_Prompt_. Would you please transcribe exactly the lines from the one containing "from 11/28/25, 04:53" through the end of the material below, and only those?
···
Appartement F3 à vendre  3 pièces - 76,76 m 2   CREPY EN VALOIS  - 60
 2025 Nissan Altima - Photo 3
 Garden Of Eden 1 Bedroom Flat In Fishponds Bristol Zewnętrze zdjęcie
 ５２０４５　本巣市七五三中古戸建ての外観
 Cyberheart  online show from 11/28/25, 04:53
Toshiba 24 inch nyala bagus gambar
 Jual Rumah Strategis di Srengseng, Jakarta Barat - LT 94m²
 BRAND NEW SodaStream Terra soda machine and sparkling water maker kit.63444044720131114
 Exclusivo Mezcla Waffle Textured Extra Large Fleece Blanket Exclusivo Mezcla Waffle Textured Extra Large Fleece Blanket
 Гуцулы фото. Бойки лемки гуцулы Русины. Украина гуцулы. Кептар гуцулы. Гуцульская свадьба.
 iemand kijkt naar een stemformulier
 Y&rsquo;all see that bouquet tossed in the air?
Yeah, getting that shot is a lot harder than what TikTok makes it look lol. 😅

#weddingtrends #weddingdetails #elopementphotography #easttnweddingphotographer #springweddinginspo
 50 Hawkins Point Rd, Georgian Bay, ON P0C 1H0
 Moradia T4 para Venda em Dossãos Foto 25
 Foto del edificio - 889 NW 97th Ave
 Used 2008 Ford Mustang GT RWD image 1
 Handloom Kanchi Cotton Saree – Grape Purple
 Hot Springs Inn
···
_Reply_.
 Cyberheart  online show from 11/28/25, 04:53
Toshiba 24 inch nyala bagus gambar
 Jual Rumah Strategis di Srengseng, Jakarta Barat - LT 94m²
 BRAND NEW SodaStream Terra soda machine and sparkling water maker kit.63444044720131114
 Exclusivo Mezcla Waffle Textured Extra Large Fleece Blanket Exclusivo Mezcla Waffle Textured Extra Large Fleece Blanket
 Гуцулы фото. Бойки лемки гуцулы Русины. Украина гуцулы. Кептар гуцулы. Гуцульская свадьба.
 iemand kijkt naar een stemformulier
 Y&rsquo;all see that bouquet tossed in the air?
Yeah, getting that shot is a lot harder than what TikTok makes it look lol. 😅

#weddingtrends #weddingdetails #elopementphotography #easttnweddingphotographer #springweddinginspo
 50 Hawkins Point Rd, Georgian Bay, ON P0C 1H0
 Moradia T4 para Venda em Dossãos Foto 25
 Foto del edificio - 889 NW 97th Ave
 Used 2008 Ford Mustang GT RWD image 1
 Handloom Kanchi Cotton Saree – Grape Purple
 Hot Springs Inn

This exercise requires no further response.